И вдруг! 15 июня 1914 года сараевские студенты и молодые офицеры с помощью примитивной бомбы и револьвера приканчивают наследника австрийского престола и его супругу. Первая реакция военного губернатора Боснии и Герцеговины - это сделали "социалисты"; реакционной газеты "Русское знамя" - "жиды"; корректной "Дейли кроникл" - "русские"*. Но общее отношение к акту поначалу - равнодушное недоумение. Царский посол сообщал из Вены: "Отношение венского населения к вышеозначенному трагическому событию было довольно безучастным... в самые дни пребывания в Вене останков убитых наследника престола и его супруги народные увеселения в Пратере не прекращались и музыка гремела повсюду, как в обыкновенное время".
* (И. Файнберг, 1914-й, М., 1934, стр. 12.)
Сохранилось множество документов, свидетельствующих, что события в Сербии Вильгельм II решил во что бы то ни стало использовать для "свалки", как он назвал войну. Впрочем, к тому же стремился и другой лагерь. Царский военный министр Сухомлинов засвидетельствовал в своих "Воспоминаниях": "Я твердо уверен, что за это время (от 24 по 28 июля 1914 г.- Р. С.) состоялось решение войны или мира, причем великий князь Николай Николаевич, Сазонов и Пуанкаре сговорились во что бы то ни стало парализовать всякую попытку мирного исхода".
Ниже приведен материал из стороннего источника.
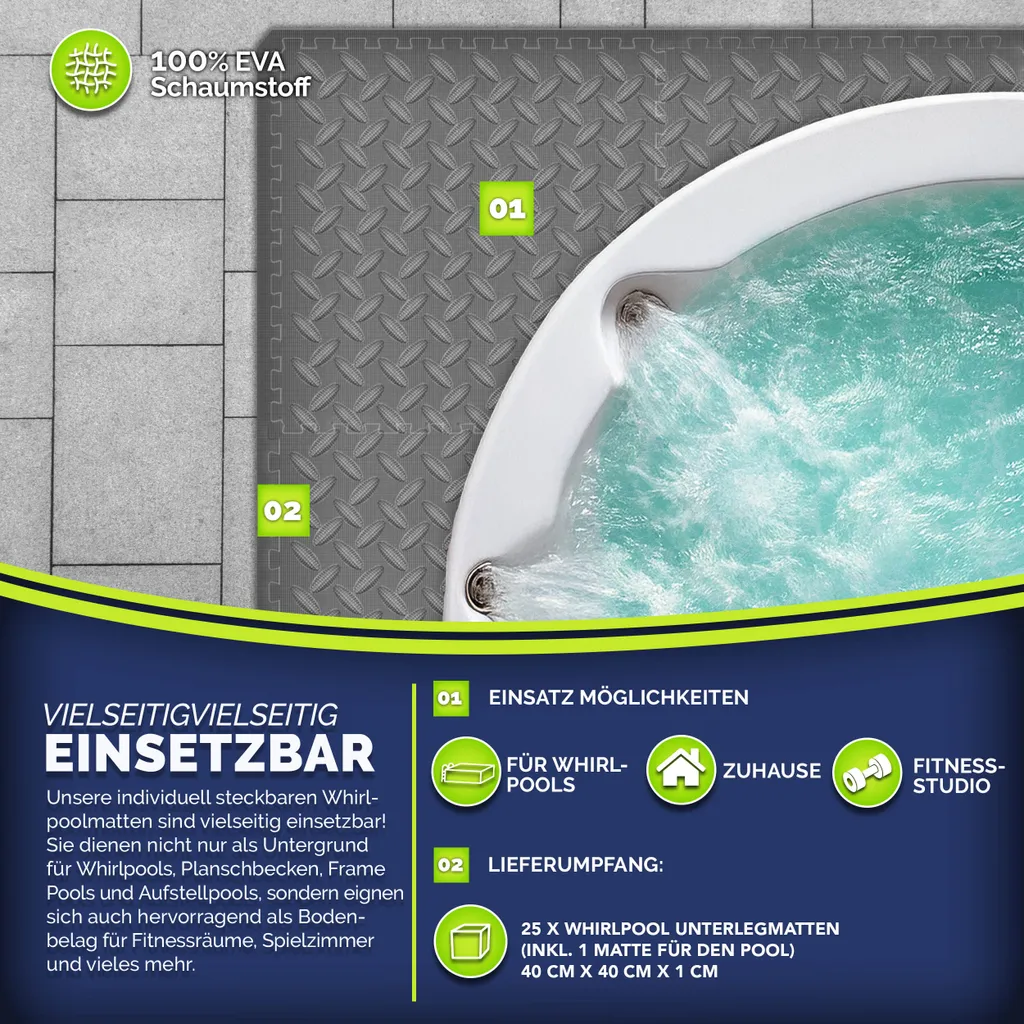 tillvex® sottotappeto per vasche idromassaggio quadrato 200 cm grigio | tappetino per piscina sottotappeto quadrato per vasche idromassaggio da esterno | tappetino di protezione termica per piscina sottotappeto | piastra di protezione del pavimento protegge e isola - 7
Странное то было время. Решение воевать было принято, а люди жили, веселились, ехали к теплым морям отдыхать, строили планы на осень. В газетах они читали успокаивающие сообщения. Многие газеты вскоре вообще перестали писать о сербских делах - как слишком далеких и незначительных для судеб Европы. Но тайная война уже шла. И по иронии судьбы ее первый официальный документ был принят там, где через две недели должен был бы открыться XXI Международный конгресс мира,- в роскошном здании австрийского парламента, и теми, кто составлял Почетный комитет мирного конгресса,- министрами Унгаршитцем (президент комитета), Штюргком, Билинским и другими.
В годы войны кино начало превращаться в искусство. И первый фильм, который сразу же был признан выдающимся произведением искусства кино, попытался обратиться к людям с проповедью. Это действительно прекрасный фильм, мастерство некоторых его эпизодов и сегодня еще вызывает уважение. Его художественные достоинства на многие годы определили развитие мирового кинематографа и оказали воздействие едва ли не на всех выдающихся кинорежиссеров 20-х годов. И это в то же время на редкость, прямо до умиления наивный фильм.
Конечно, "Нетерпимость", а речь идет о ней, могла быть создана только в Америке - еще не воевавшей, далекой от Вердена, в том же самом 1916 году залитом немецкой и французской кровью, и от всех других фронтов, в сытой и самодовольной, не понимающей своего ханжества стране.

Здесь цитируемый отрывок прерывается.